I felt pretty crappy for a few days after getting the infusion – fatigue, slight nausea, lack of appetite. Typical chemo stuff but pretty mild considering what I’ve been through. And I was mostly back on my feet 4 days later. In addition to lighter side effects, I only get an infusion every 3 weeks which means I have lots of ‘normal time’ in between infusions. And I won’t have any long stays in the hospital for each infusion – I’m in-and-out in a few hours.

And, I can tell you with confidence, that it is working. The swelling in my head has gone down completely. My cough has completely disappeared. I don’t get dizzy when I bend over (as much). At the very least, the tumor around my SVC has receded allowing me some relief. My hope is that SGN-35 destroys the tumor – really beats the shit out of it – and it gets as small as possible. COH will give me a PET scan after my 2nd or 3rd infusion.

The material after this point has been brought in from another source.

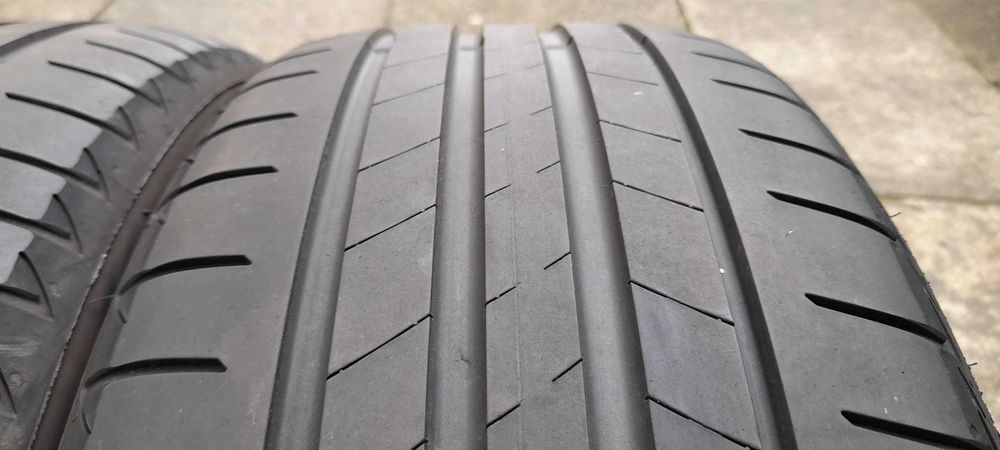 Opony letnie  Bridgestone  225/45 R18 Y    95Y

Now, SGN-35 isn’t a cure. I will need an allogeneic stem cell transplant when I hit full remission. This is similar to the stem cell transplant I had in November, except this time I will be getting someone else’s stem cells (hopefully, my brother if he is a match). The theory is that my immune system can’t fight off the Hodgkin’s Disease so hopefully someone else’s immune system can keep it at bay. I’m not looking forward to another month in the hospital and all of the additional complications that come along with an allogeneic stem cell transplant…but let’s worry about one thing at a time.

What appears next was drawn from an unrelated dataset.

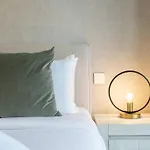 Lush Tropical Getaway In Dubai Marina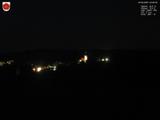 03 : 00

On a more personal note, I can’t tell you how difficult it has been for me to open up WordPress and have to continue writing about my experiences with cancer. It fucking sucks. And I’ve been putting it off for quite awhile.

Some people asked me about a month ago if I was going to ‘wrap up’ my blog in some way (this was before I knew for sure that I still had cancer). Other people have asked me to keep blogging because I’m a good writer (which is flattering).

I’ve said this before – this blog is a weight around my neck. It represents everything that has gone wrong with my life in the past couple of years. I look back on the early posts – so carefree and witty, so confident that Hodgkin’s Disease was going to be a footnote in my life – not the condition which would define my 30’s. And I can see myself slowly, over time, growing up and growing into being a long term cancer patient.

So, why write an update today?

I got a message last night from Ben and a comment today from Lisa.

I have no idea who these people are (although I’ll get to know them soon enough). Lisa is on prednisone – I assume she also has Hodgkin’s Disease. Ben is on his way to a stem cell transplant of his own in England. They both thanked me for writing the blog. As have others in the past few months.

To both of you – and to Karin and to Jess and all the others – I say: You’re not alone.

It took me months to figure that out. I’m still figuring it out. If these few words about my experiences can offer some insight, some education, some helpful links…then it is worth it.

If stories about constipation, being called “Stephanie” 3 times in one day at your new hospital, fighting with pharmacies, finding inspiration and strength and some kernals of wisdom about how to keep fighting are of interest to you – then feel free to continue to lurk around this blog.

Someone pointed out to me that I used to write on the blog as an emotional outlet. I don’t really need to do that anymore. Somehow, sometimes, I’ve come to accept cancer into my life. I still struggle, but my struggles have evolved. Call it one part resignation, one part humor, and a big dash of “getting on with it”.

I’ll write soon about changes we are making in my nutrition to help support my immune system and my weakness for blueberry muffins.